Everybody must get stoned: The politicisation of memory

Towering idols, be they in the US, China and now India, can ironically expose the hollowness of idolatry

The Editorial Board Published 03.11.18, 02:47 AM
The American horizon has been dominated, since 1886, by the Statue of Liberty, standing at an impressive 151 feet.

The American horizon has been dominated, since 1886, by the Statue of Liberty, standing at an impressive 151 feet. Thinkstock

It is believed that ever since the fall of Icarus, that mythical figure who flew too close to the sun, human civilization had been scratching its head to find a plausible means to soar to great heights. Is that why the human mind — that ingenious little faculty — came up with the idea of building tall statues which touch the skies? The American horizon has been dominated, since 1886, by the Statue of Liberty, standing at an impressive 151 feet. China, eager to snub the Americans, built for itself the Spring Temple Buddha in Henan at an even more impressive 420 feet. The dragon, in turn, has been left with egg on its face with India — so what if it is poorer than China and the United States of America? — unveiling the colossal figure of Sardar Vallabhbhai Patel on the banks of the Narmada. The ‘Statue of Unity’, built with a princely sum of Rs 3,000 crore — none can fault the draining of the exchequer for a medley of nationalist causes in New India — gazes down upon the land from a dizzying height of 597 feet.

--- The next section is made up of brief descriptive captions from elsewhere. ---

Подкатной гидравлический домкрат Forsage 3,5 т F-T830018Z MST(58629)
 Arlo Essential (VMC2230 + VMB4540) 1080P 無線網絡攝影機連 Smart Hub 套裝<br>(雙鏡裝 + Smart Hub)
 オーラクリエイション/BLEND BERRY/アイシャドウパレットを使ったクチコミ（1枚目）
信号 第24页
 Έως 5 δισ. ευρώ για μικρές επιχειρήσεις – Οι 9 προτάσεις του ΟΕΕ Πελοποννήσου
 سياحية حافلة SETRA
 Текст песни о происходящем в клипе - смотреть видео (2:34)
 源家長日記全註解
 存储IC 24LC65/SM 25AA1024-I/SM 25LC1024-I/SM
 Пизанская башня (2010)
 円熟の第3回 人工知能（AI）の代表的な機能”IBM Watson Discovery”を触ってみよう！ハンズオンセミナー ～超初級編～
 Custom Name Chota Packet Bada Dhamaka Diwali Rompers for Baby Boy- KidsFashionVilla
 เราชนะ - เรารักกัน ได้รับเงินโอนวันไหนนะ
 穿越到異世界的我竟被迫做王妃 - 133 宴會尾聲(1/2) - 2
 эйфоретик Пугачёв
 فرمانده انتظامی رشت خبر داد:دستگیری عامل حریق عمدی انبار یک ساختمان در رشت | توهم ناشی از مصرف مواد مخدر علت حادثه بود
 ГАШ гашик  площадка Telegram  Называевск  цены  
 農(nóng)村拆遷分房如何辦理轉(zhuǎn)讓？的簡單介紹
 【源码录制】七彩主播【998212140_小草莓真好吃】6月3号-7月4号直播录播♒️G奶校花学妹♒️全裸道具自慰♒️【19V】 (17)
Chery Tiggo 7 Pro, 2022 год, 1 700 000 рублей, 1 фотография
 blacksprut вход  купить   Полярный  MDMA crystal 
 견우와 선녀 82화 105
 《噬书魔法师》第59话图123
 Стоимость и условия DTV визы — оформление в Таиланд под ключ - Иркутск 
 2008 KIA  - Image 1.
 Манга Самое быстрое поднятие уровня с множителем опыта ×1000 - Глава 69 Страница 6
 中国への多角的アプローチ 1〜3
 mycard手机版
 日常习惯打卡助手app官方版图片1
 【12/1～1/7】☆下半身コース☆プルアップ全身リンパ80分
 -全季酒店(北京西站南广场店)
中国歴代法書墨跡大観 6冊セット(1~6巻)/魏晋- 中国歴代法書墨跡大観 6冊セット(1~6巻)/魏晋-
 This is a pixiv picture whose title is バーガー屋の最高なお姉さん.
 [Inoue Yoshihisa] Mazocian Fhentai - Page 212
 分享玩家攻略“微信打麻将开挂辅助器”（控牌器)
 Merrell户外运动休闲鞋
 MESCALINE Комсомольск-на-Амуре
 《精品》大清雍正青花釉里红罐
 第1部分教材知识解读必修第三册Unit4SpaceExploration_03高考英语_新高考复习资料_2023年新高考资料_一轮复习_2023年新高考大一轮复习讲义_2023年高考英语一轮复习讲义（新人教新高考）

These statues are erected, it should be evident by now, not for aesthetic pleasure. The giant figures — one man, a lady and a saint — are revered because they are supposed to uphold — quite literally — a set of honourable values. For instance, the lady with her blazing torch in New York Harbor symbolizes freedom and the spirit of accommodation. Patel’s statue is also a commemoration of the idea of India’s unity. Of course, politicians cutting across countries and ideologies love building statues for a different reason. These massive sculptures help deflect the attention of the people from ugly realities on the ground. Thus Donald Trump, the US president, does not find his drive to evict immigrants — children born to non-American parents may now be stripped of citizenship — from under the venerable Lady’s nose to be disconcerting. Similarly, Narendra Modi and the Bharatiya Janata Party are confident that Patel — the one made up of bronze among other things — would help Indians ignore the fact that the Patel made up of flesh and blood had proscribed the Rashtriya Swayamsevak Sangh, the BJP’s ideological mentor, for its alleged role in the murder of the Mahatma, that secular beacon that shines in the heart of this republic. The BJP is, surely, not the only guilty party here. Its principal rival, the Congress, had christened India’s foremost institutions with the surname of a single family.

These idols — the irony is telling — expose the dangerous consequences of revisionism as well as the hollowness of idolatry. This is not to suggest that a bitter dose of iconoclasm is the cure for collective fetishism. That is the path of the anarchist. Commemoration of men and ideas is fundamental to a society’s ability to distinguish between good and evil, right and wrong. But the politicization of such a memory — is not the Statue of Unity an example? — is equivalent to the droppings that stain busts, big and small.